Montag der 7.2., ab ungefähr 8 Uhr morgens im Twitterverse: ein nicht unerheblicher Teil der Linkstwitter-Bubble, die mich am Sonntag Abend und jetzt noch mehr abfeiert und unterstützt, fängt wieder an, auf den Aktivist*innen der „Letzten Generation“ herumzuhacken, die im Kampf für einen rationaleren, klimaschützenderen, mithin global gerechteren Umgang mit Nahrungsmitteln immer wieder Autobahnen und Hauptverkehrsadern in Berlin und andernorts blockieren. Allenthalben schallen Kampfbegriffe wie „Bürgerkinder“ und „Arbeiter*innenverachtung“ durch den öffentlichen Raum, rufen auch diejenigen, die mir in den vergangenen 1-2 Jahren immer wieder zugestimmt haben, dass es für die Klimabewegung jetzt darum gehen müsse, in den gesellschaftlichen Normalbetrieb einzugreifen und diesen zu stören, es doch bitte, bitte den ausgebeuteten, geknechteten, unter den Knute des deutschen Autokapitalismus stehenden Arbeiterinnen und Arbeitern nicht so schwer zu machen, rechtzeitig zur Arbeit zu kommen.

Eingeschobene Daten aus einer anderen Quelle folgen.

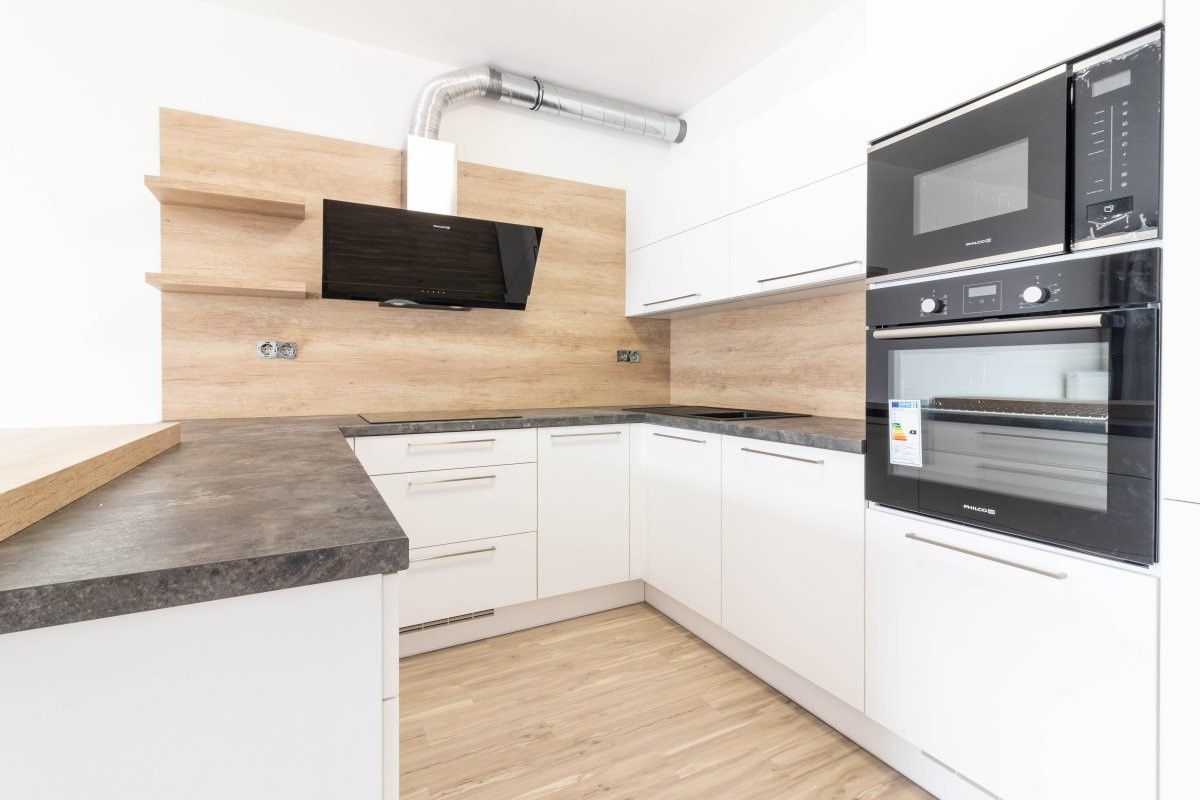 2+kk, Eduarda Hamburgera, Olomouc, 65 m²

Da ist sie in all ihrer Glorie: die „neue Klassenpolitik“, von der die verzweifelten Retroarbeiterist*innen auf der deutschen Linken seit bald einem Jahrzehnt immer wieder reden, ohne dabei klarmachen zu können, was daran neu ist, in der der altlinke „Hauptwiderspruch“ wieder fröhlich Urständ feiert. Vergessen die Analyse Lenins, des Antiimperialismus, der sozialen Bewegungen der 1960er und 70er Jahre, dass die Arbeiter*innenklassen des globalen Nordens zu erheblichen Teilen eine „Arbeiter*innenaristokratie“ darstellt; dass die Superprofite, die im globalen Norden dank einer immer noch (post)kolonial und (spät)imperialistisch strukturierten kapitalistischen Weltwirtschaft anfallen, in Teilen an Arbeiter*innen umverteilt werden, um so ihre Einbindung (Kooptierung / Pazifizierung) in den deutschen Autokapitalismus sicherzustellen. Dass im globalen Maßstab Arbeiter*innen in Deutschland auch Ausbeuter*innen sind. Eine im Grunde messianisch denkende Linke kann dies nicht anerkennen – der Messias kann ja nicht böse sein. Diese alltägliche Verdrängungsleistung wird durch die Aktionen der Letzten Generation infrage gestellt. Und was passiert, wenn Verdrängungsleistungen infrage gestellt werden, konnte man in der Reaktion auf den Begriff „grüne RAF“ sehen: sogar kluge Menschen drehen unter solchen Umständen ein Bisschen durch, fangen an, totalen Quatsch zu reden.

Am Ende bleibt die Angst, die mich vor dem Auftauchen der jungen #GenerationKlima, für-sich-geworden in Fridays For Future, auf der historischen Weltbühne schon fast in die Politdepression trieb: das es beim Klimaschutz keine Parteien mehr gibt. Sondern nur noch Deutsche.